No aspect of the scandal surrounding President Donald J. Trump’s hidden relations with Russia has been more controversial than the reputed summer 2016 trip to the Czech Republic by Michael Cohen, Trump’s longtime consigliere. Now, a confluence of intelligence that’s found its way into the hands of special counsel Robert Mueller may finally provide some long-awaited answers.
As reported in the contested dossier compiled by Christopher Steele, the former British senior intelligence officer and Russia expert, Cohen sojourned to Prague in late August or early September of our election year to secretly parley with Kremlin representatives. In Steele’s telling, Cohen went to the Czech Republic to deliver cash to Russian hackers to help swing the 2016 election Trump’s way. This account, if true, describes unambiguous collusion between the Trump campaign and the Kremlin—exactly what the president has always denied occurred. If Cohen met with Russian spies in the late summer of 2016 to conspire against Hillary Clinton, that’s something a lot of Americans would term treason.
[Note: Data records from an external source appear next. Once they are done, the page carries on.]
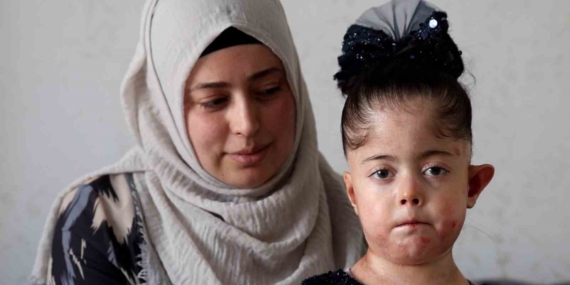 Elazığ’da Kelebek Hastalığı ile Mücadele Eden Fatma İçin Yardım Bekleniyor Elazığ’da Kelebek Hastalığı ile Mücadele Eden Fatma İçin Yardım Bekleniyor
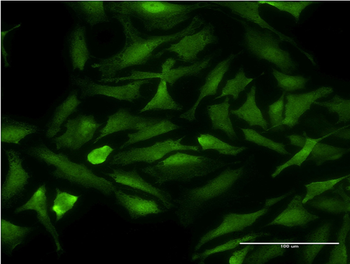 CDK9 monoclonal antibody (M07), clone 2D7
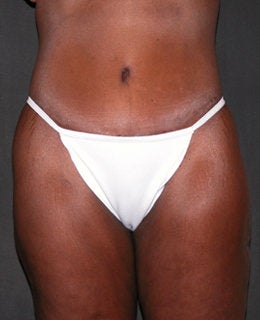 Tummy Tuck with Flank Liposuction after 330898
But did it happen? Cohen has always denied it did, while Team Trump have gone out of their way to attack the story, and Steele generally. Except Steele never claimed that everything in his dossier was corroborated. It’s raw human intelligence, taken from sources Steele couldn’t always talk to directly, and it undoubtedly includes some Russian disinformation. In particular, the Kremlin has spread lies about the Prague meeting, which indicates there may be something they’re trying to hide there.